8

ADAM

L ater that day, a text appears on my phone:

So, we’re dating now?

I laugh. I like Anna. We live in very different worlds, and I thought we wouldn’t have a lot in common, but it’s scary how much everything she said last night resonated with me. And who wouldn’t be flattered? She’s clearly amazing.

Apparently.

Is all this okay? Some guys don’t like the scrutiny.

Some guys, huh? Interesting .

Something about being confronted with Anna’s drive and determination last night forced me to do more work on my spreadsheet, despite how late I got back. Once I dove into more of the detail, I could see that things were even worse than I thought. There is no stringing it out: If I can’t make the figures improve, I’ll have to give the business up. Ten years of my life down the drain. My mind keeps shying away from the reality of that, and the sheer effort of pretending everything is fine is making me nauseous. I look down at my phone again and tap out a reply to Anna:

I’ve had a few calls from journalists wanting to interview me about my company, so it’s all positive from my end.

That’s great!

Thanks, Anna. I really appreciate the invite and I had a wonderful night.

A picture drops into the chat, followed by another message:

Thank you for my beautiful flowers.

My pleasure.

I’m happy to go to some more events together if it’s useful for you. It was useful for me, too. Sponsors like the publicity and that’s less pressure for me.

Huh, that’s an amazing offer. The dots are still appearing though, so she’s still typing:

If I’m seen out and about, the speculation about my tennis reduces and there’s fewer questions about my game, if you can believe that. God that sounds terrible.

No, no it doesn’t. I totally get that.

I don’t want to think too long about this. This could help the both of us. Where’s the harm if we’re both on board? All Susie’s efforts with the new account and posting a reel seem positive—surely the extra publicity would be good for the business? At least I’d be going out to things with someone whose company I enjoy, and that’s been a rarity over the last … well … I don’t want to think about how many years it’s been. It’ll have the added bonus of keeping Janus off my back, too.

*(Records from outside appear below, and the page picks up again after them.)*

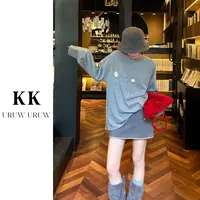 柯柯【自由简意】简约圆领拼接字母立体小花宽松长袖上衣KL239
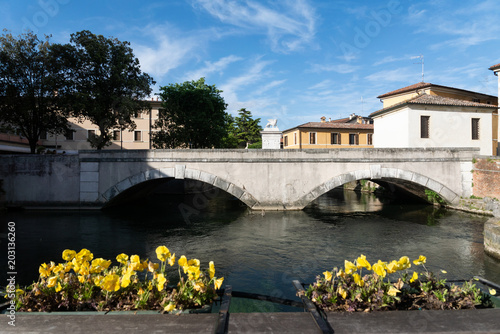 Obraz na płótnie an der historischen Mühle in Portogruaro am Fluss Lemene w salonie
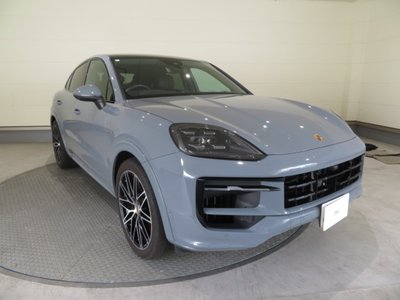 PORSCHE CAYENNE COUPE - 3
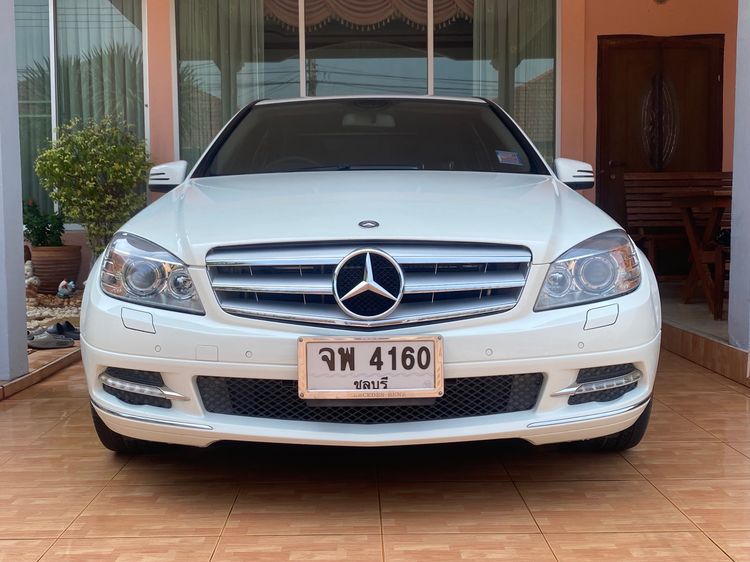 รถ Mercedes-Benz C-Class C250 สี ขาว
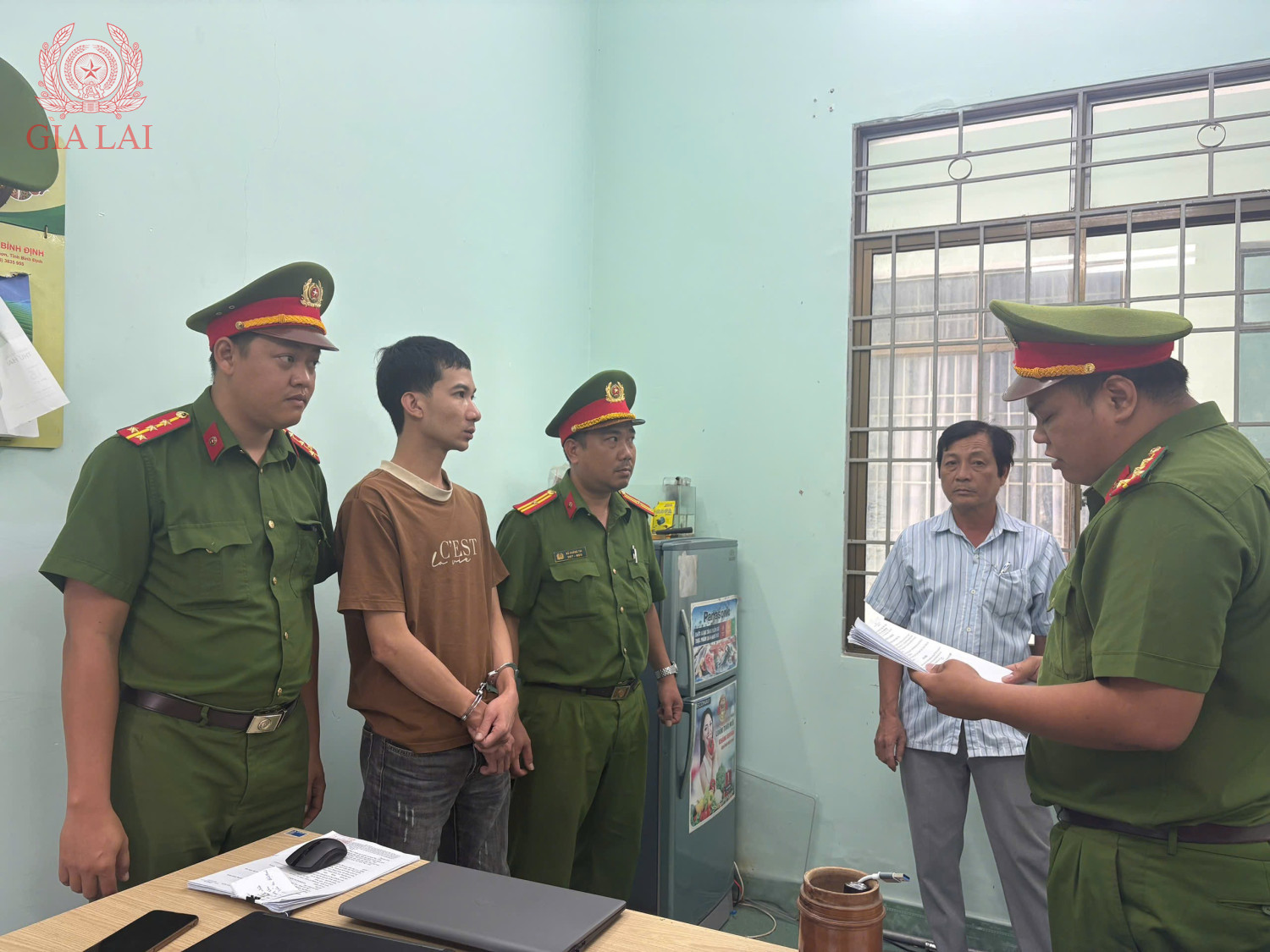 Bắt Võ Hoàng Kha sinh năm 1988- Ảnh 1. Bắt Võ Hoàng Kha sinh năm 1988- Ảnh 1.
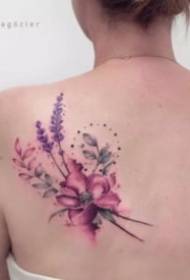 27 gruppi di fiori di acquarellu per ragazze, tatuaggi picculi sexy
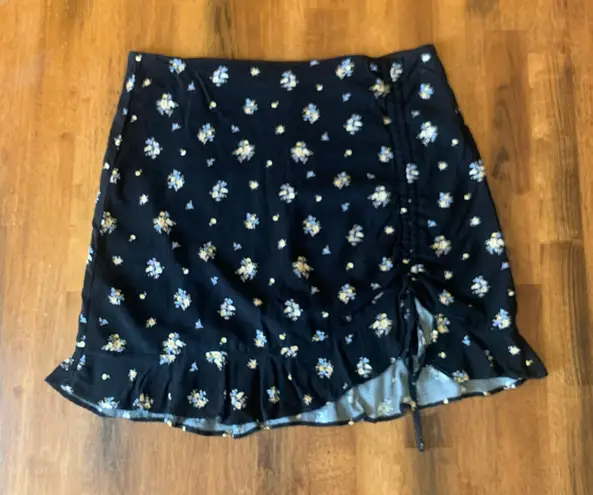 Forever 21  Floral Mini Skirt Large Black Adjustable Drawstring Front Ruffle - Image 1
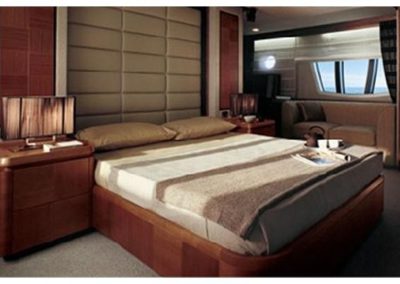 85 Azimut yacht master stateroom
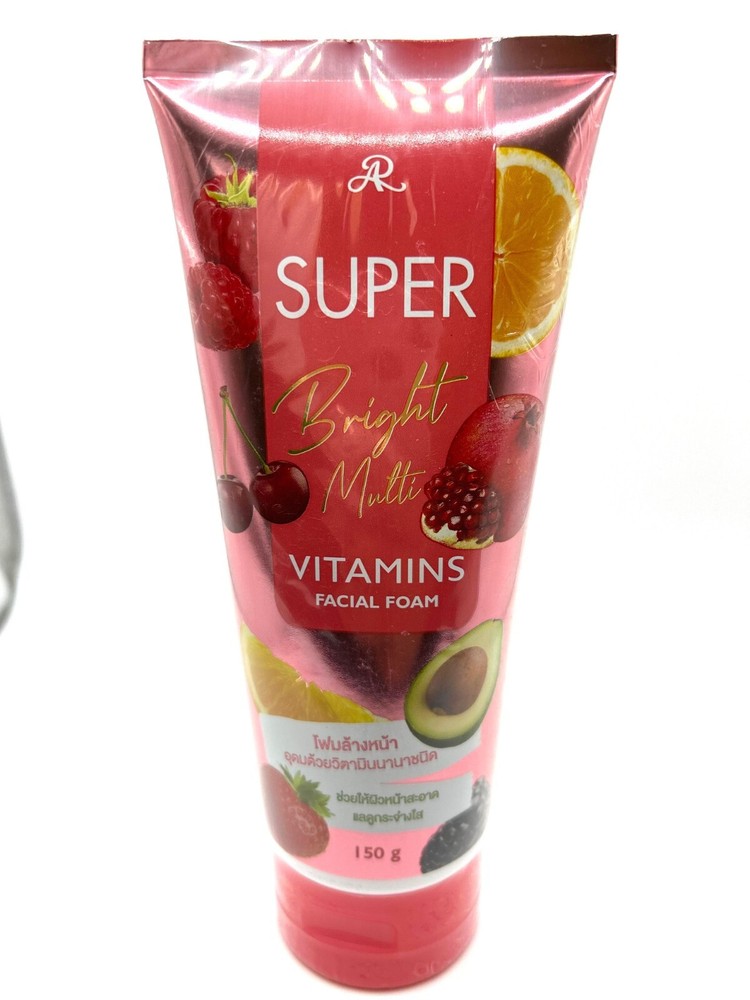 Super Bright Multi Vitamins Brightening Facial Foam Cleanser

I’d love to meet up again, Anna.

Then I type:

My marketing manager, Susie, is talking to your marketing people about social media. She’s clearing content with them that we might want to post to my personal account.

I saw your video! It was great.

If there’s anything you don’t like or want to take down, let me know.

I think you’re a TikTok ninja.

I’m not sure how to respond to that apart from with hysterical laughter. I start typing again:

I’ll tell Susie to send you a picture of me in my normal nerd gear.

Nerd gear? Is that code for some dubious accessories?

*Code* for something?

Oh God, I’m making bad tech jokes without even realizing it.

I’m nerdy enough to think that was an awesome joke.

Stop buttering up us poor technophobes. How about a coffee tomorrow to chat?

You’re on.

As I’m about to leave the office for the evening, my phone lights up with a call and I pick it up, then raise my eyes to the heavens.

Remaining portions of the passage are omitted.